教科書を変える(かもしれない)SN2反応の話

有機化学を始める上で、もっとも基本的な反応と言えばSN1[unimolecular(1分子) Nucleophilic Substitution、太字を逆に並べると「SN1」になる]反応とSN2(bimolecular Nucleophilic Substitution)反応でしょう。
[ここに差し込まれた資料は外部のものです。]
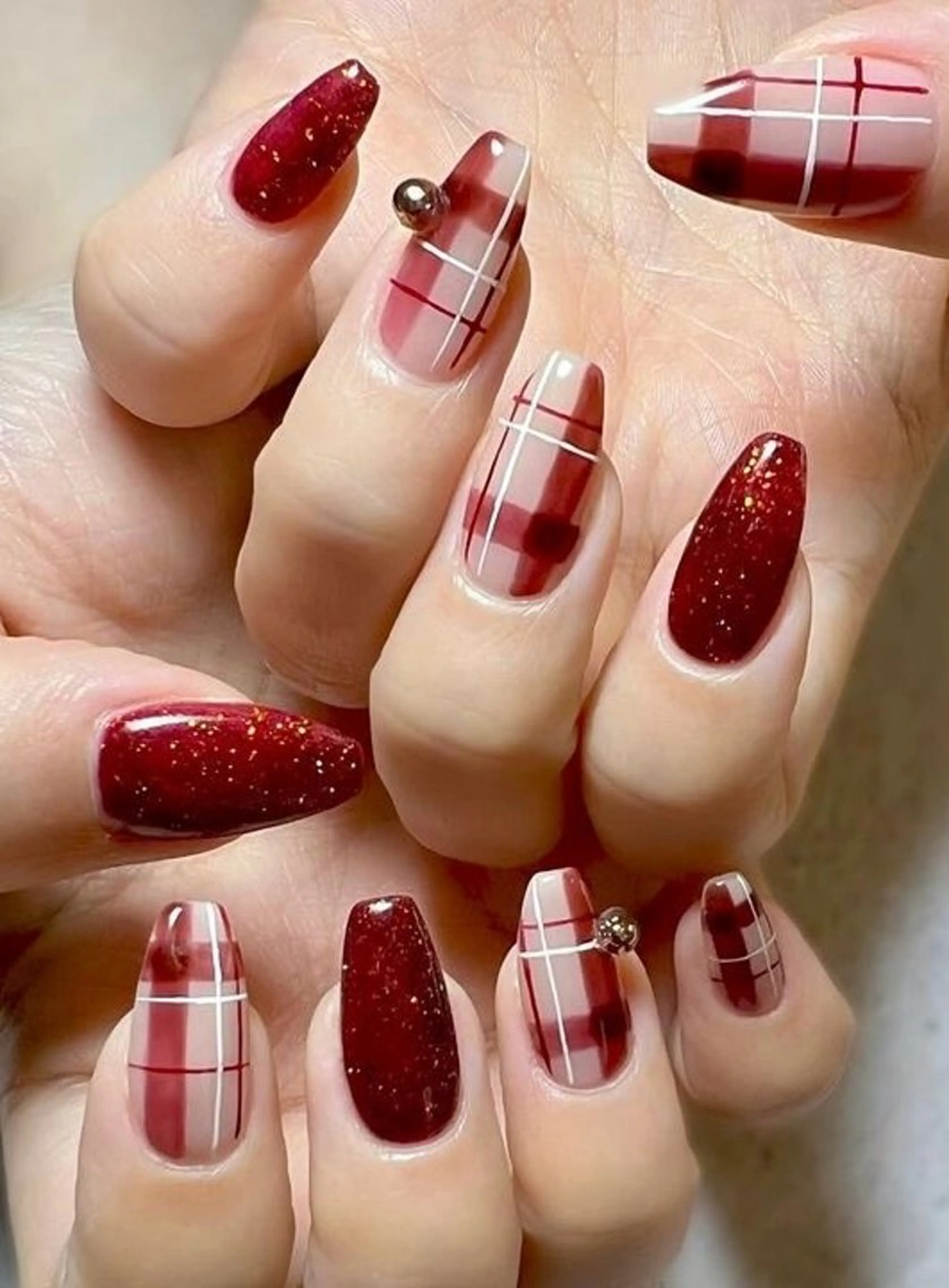 ネイル マグネットネイル ピンク ネイルチップ 冬ネイル クリスマス ハンドネイル Lee Nailsのネイルデザイン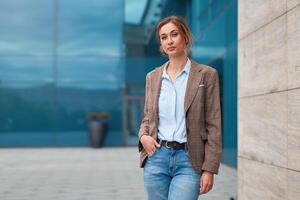 zakenvrouw geslaagd vrouw bedrijf persoon staand buitenshuis zakelijke gebouw buitenkant. nadenkend Kaukasisch vertrouwen professioneel bedrijf vrouw midden- leeftijd foto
 SN2反応は求電子種に対して求核種が攻撃して置換反応が起こるもので、必ず2分子反応で進行するため反応速度式は2次になります。また、求核種は脱離基の逆サイドから必ずやってくるので、置換反応が終わった後の立体化学は必ず反転します。
SN2 反応機構.jpg

一方SN1反応はというと脱離基を持った求電子種から脱離基が飛んでいき、平面構造を取ったカルボカチオンが生成。この平面状のカチオンに対して求核種がくっついて生成物となる反応機構です。律速過程は原料求電子種から脱離基が飛んでカルボカチオンになる過程であり、求核種の付加反応が律速過程に入ってこないことから速度式は1次になります。重要なのはSN2反応とは異なり、原料の立体化学がカルボカチオンになることによって保持されないこと、つまりカルボカチオンに対して求核種は図の右からも左からもやってこれるので立体化学を保持した生成物と反転した生成物の両方が生じます。
SN1 反応機構.jpg

その反応性もSN1とSN2では大きく異なります。SN1反応ではカチオン性中間体を経ることから、そのカチオンを安定化できるもの、つまり超共役やσ供与などの恩恵に与かって+性を薄めることのできる多置換炭素程SN1反応が有利となります。一般的には3級炭素 CR3-X (安定な3級カルボカチオンが発生) >> 2級炭素 CHR2-X >> 1級炭素 CH2R-X >>>>>>> メチル基 CH3-Xの順番の反応性となります。

一方SN2反応ではイオン性の中間体を経ないため(脱離能は置いといて)純粋に立体障害の影響が反応性に大きく関わってきます。従ってもっとも反応しやすいのはメチル基 CH3-Xであり、ついで1級 CH2R-X、2級炭素 CHR2-Xと立体障害が増えるに従って反応性は落ち、3級炭素 CR3-X(置換基3つに脱離基1つ)ともなるとほぼSN2反応は進行しません。
SN2 反応性の順.jpg

「ほぼ」進行しないと書いたのは分子内反応において反応点が強制的にかなり近づけられている場合に関しては反応が進行するためですが(この場合は分子内だからbimolecularじゃないかですが)、基本的に、特に分子間反応に関しては「全く進行しない」言い切られる位報告がない(あっても本当かどうかが怪しい等議論が起こっている)ため、「SN2反応は起こらない」と授業でも教わっているはずです。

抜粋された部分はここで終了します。